Source material:
-----
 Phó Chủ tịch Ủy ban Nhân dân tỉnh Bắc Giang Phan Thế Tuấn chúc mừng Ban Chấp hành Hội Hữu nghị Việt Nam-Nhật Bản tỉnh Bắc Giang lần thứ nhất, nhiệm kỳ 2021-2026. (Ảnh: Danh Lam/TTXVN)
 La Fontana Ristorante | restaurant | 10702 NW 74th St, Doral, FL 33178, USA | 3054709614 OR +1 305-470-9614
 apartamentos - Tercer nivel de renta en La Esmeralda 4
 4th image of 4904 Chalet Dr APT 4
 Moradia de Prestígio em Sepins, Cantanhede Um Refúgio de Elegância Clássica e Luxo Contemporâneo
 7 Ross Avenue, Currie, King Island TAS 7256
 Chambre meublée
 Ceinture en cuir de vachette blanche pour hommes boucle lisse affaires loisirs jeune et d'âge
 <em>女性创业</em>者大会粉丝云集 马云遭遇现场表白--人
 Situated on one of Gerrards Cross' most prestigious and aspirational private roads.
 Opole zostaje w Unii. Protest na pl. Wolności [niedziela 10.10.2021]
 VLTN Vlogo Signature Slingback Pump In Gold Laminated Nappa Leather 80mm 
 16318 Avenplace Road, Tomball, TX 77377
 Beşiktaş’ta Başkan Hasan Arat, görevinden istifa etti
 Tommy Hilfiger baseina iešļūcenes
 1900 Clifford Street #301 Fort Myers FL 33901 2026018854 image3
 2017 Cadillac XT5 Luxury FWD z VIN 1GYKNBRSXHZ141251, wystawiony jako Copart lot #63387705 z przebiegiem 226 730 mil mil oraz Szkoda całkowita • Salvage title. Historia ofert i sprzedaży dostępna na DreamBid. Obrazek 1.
-----
Problem requirements:
When the line with "VLTN Vlogo Signature" is reached in the data above, begin copying, and stop after the line with "1900 Clifford Street"; copy each line exactly, both ends included.

Reply:
 VLTN Vlogo Signature Slingback Pump In Gold Laminated Nappa Leather 80mm 
 16318 Avenplace Road, Tomball, TX 77377
 Beşiktaş’ta Başkan Hasan Arat, görevinden istifa etti
 Tommy Hilfiger baseina iešļūcenes
 1900 Clifford Street #301 Fort Myers FL 33901 2026018854 image3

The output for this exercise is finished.